We spoke to Judge about his past experiences in the industry, the Thug placement, and what lies ahead for the up and coming producer.  

When and how did you start producing?

I’ve been producing since I was in 8th grade when my family got a computer with GarageBand, and that’s really how I started getting into making beats. Since then I knew I wanted to do music, and once I turned 20 I knew I had to come to LA and work with whoever I could.

What was it like moving from the Midwest to Los Angeles and how were you able to connect with different artists and producers so early into your time in Hollywood?

Growing up in Kansas City, there isn’t much of a scene out there and there’s just nowhere near the opportunities there are in LA. I was working with local rappers and while I was doing that I was reaching out to everyone I could, and started to work with artists from all over just through the internet.

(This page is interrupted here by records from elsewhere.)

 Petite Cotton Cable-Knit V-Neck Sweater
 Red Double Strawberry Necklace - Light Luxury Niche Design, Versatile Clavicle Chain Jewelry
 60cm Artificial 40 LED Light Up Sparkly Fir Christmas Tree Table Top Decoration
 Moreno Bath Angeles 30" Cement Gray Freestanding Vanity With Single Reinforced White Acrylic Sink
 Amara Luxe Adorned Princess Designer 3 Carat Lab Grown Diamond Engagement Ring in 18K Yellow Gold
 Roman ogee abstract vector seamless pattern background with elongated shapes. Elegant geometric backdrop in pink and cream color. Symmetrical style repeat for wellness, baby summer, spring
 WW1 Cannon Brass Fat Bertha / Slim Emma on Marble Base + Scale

A lot of it’s talent and what not, but so much of making those moves is working hard, meeting people, and networking and going outside of yourself to make the connections you have to, which is really hard to do if you’re not in LA, and that’s why I left KC. I came out here a couple times and one of those times is when I met Lil Aaron, and he told me that he’s getting a house and that I should come live with him, and I was like “fuck yeah”. So much of us connecting was through Twitter and Aaron was just a random mutual friend through the app, who came through a session one night, and we just vibed instantly. We both work really fast and have similar tastes and I just owe so much to him because he helped plug me to a network of people who are really out here, you know, making a living doing music professionally.

What would you have told someone, before you moved to LA, who said that you would get a Young Thug placement in the first year of you living there?

I would say that you were fucking crazy! Cause I’ve been doing this shit really professionally since I was 18, and I moved to St. Louis with my best friend at the time, and we did the most hood-hustle shit just handing out CD’s on corners. Literally from the bottom of the music industry to that was crazy.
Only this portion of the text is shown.